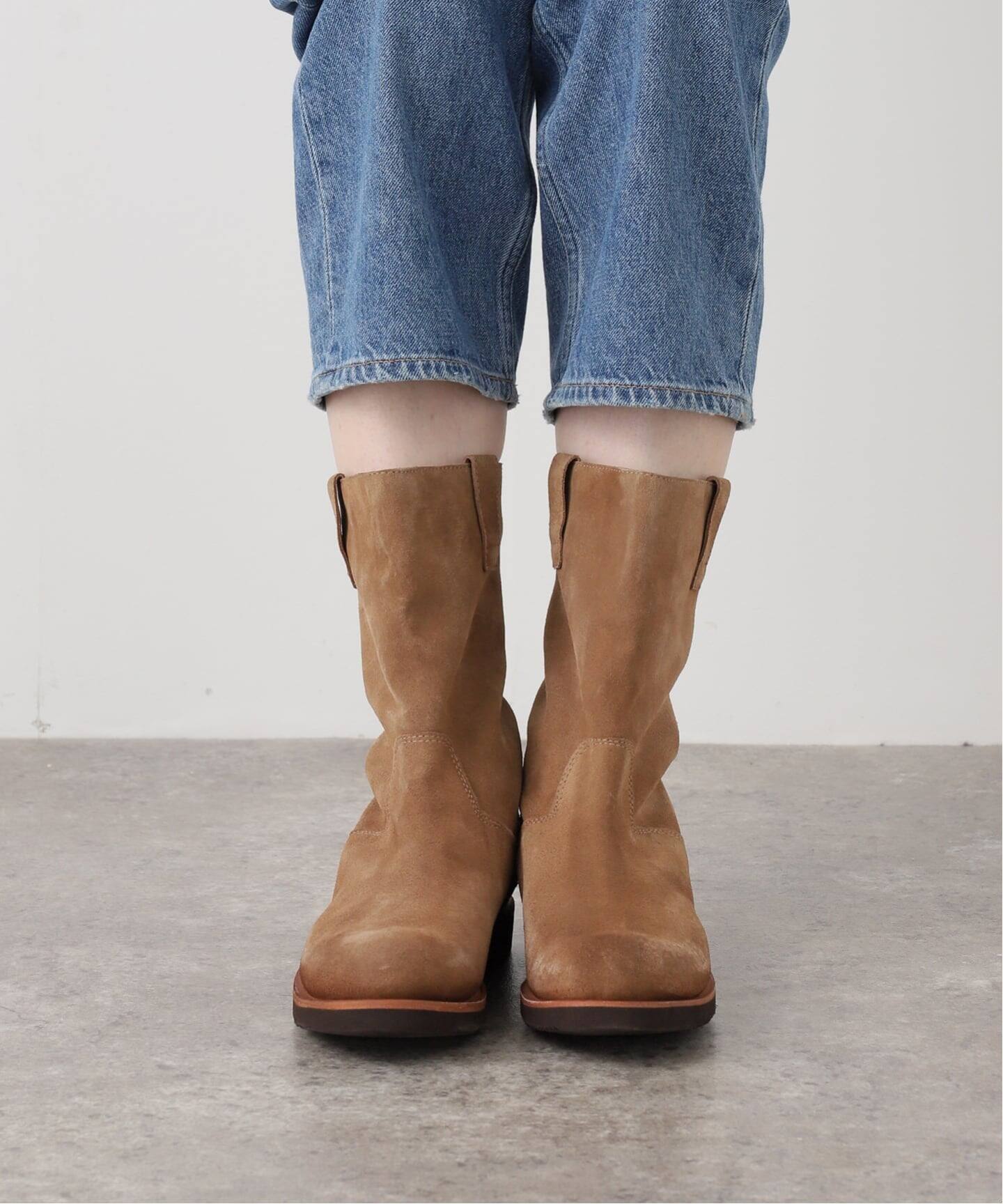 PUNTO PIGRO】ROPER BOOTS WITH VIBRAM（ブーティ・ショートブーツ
───
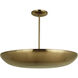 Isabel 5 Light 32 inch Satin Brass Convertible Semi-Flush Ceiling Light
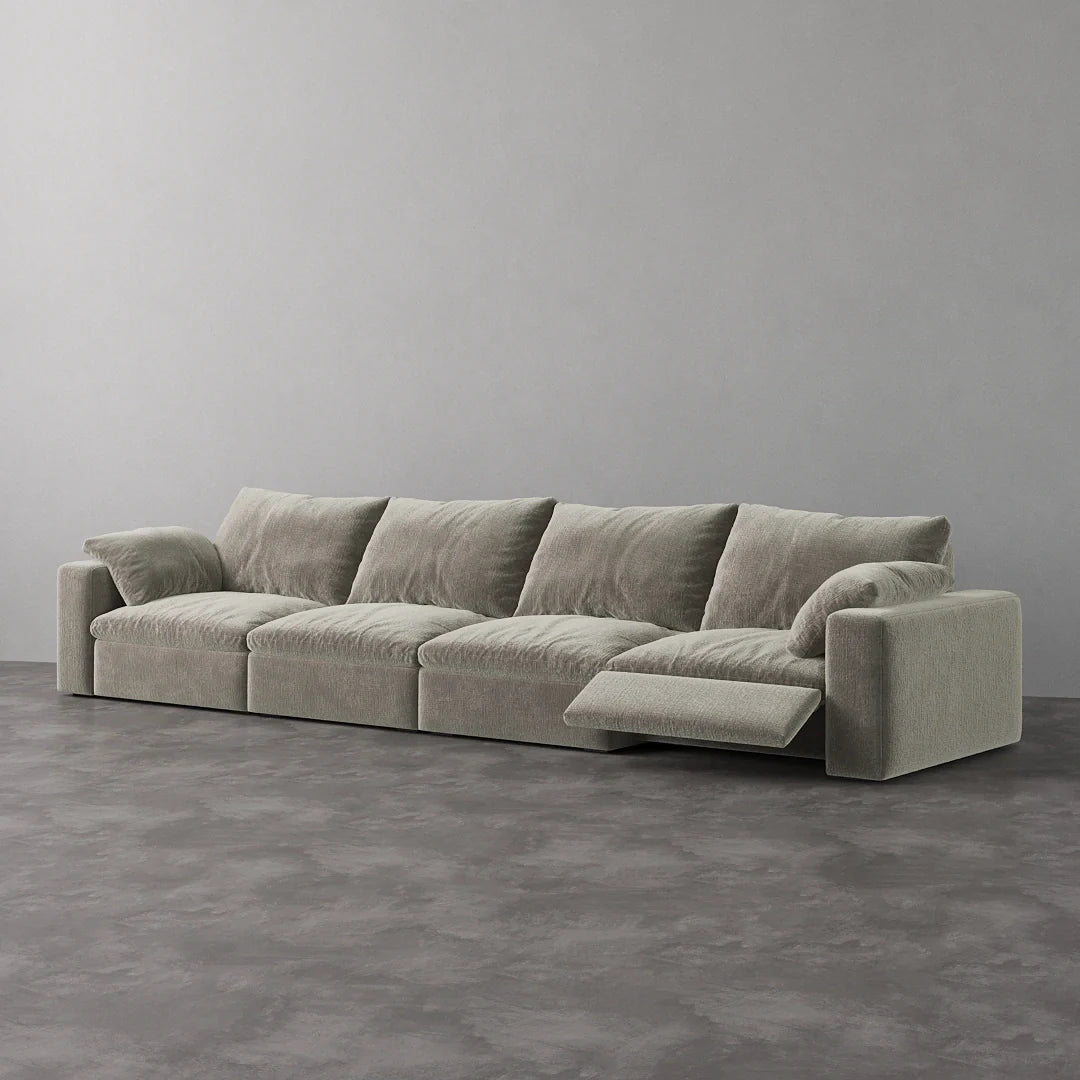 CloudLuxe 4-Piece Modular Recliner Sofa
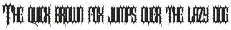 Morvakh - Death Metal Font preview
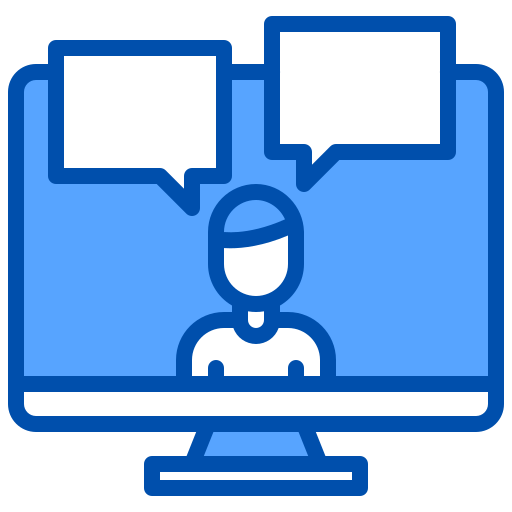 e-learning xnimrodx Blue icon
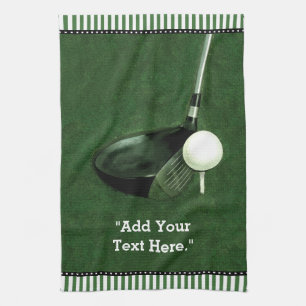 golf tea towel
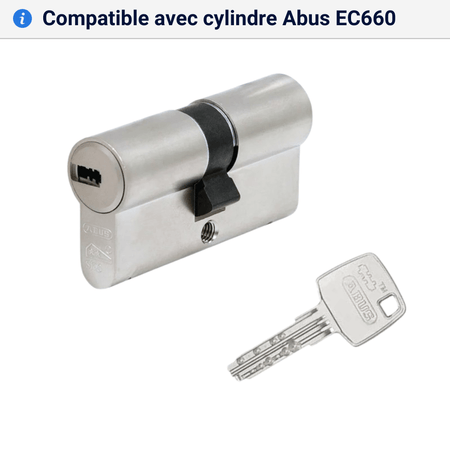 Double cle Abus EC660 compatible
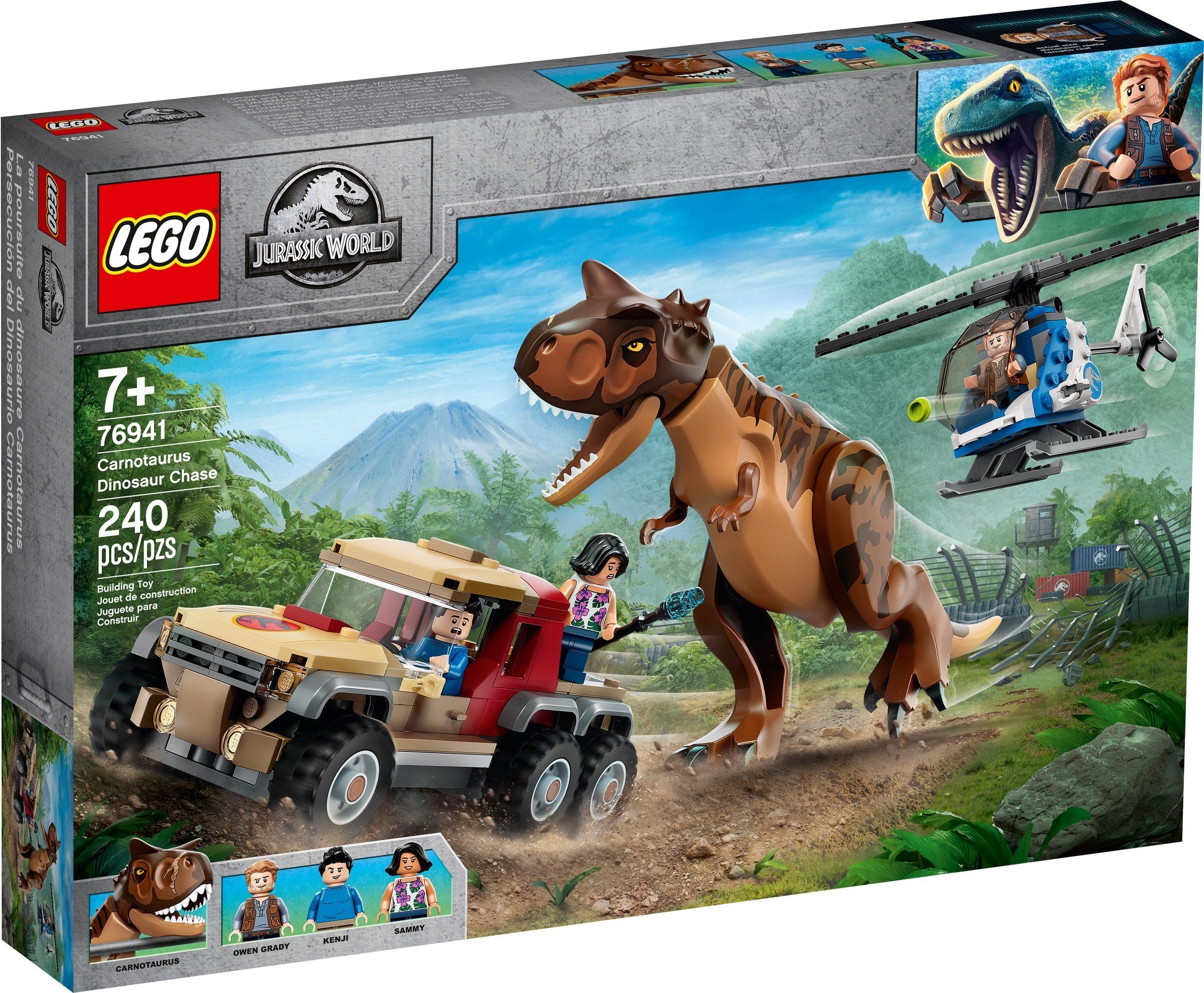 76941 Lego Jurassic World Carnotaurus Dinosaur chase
───
Above are records; repeat only the lines from the line with "golf tea towel" through the line with "76941 Lego Jurassic", and leave pictures out.

ANSWER BELOW |
 golf tea towel
 Double cle Abus EC660 compatible
 76941 Lego Jurassic World Carnotaurus Dinosaur chase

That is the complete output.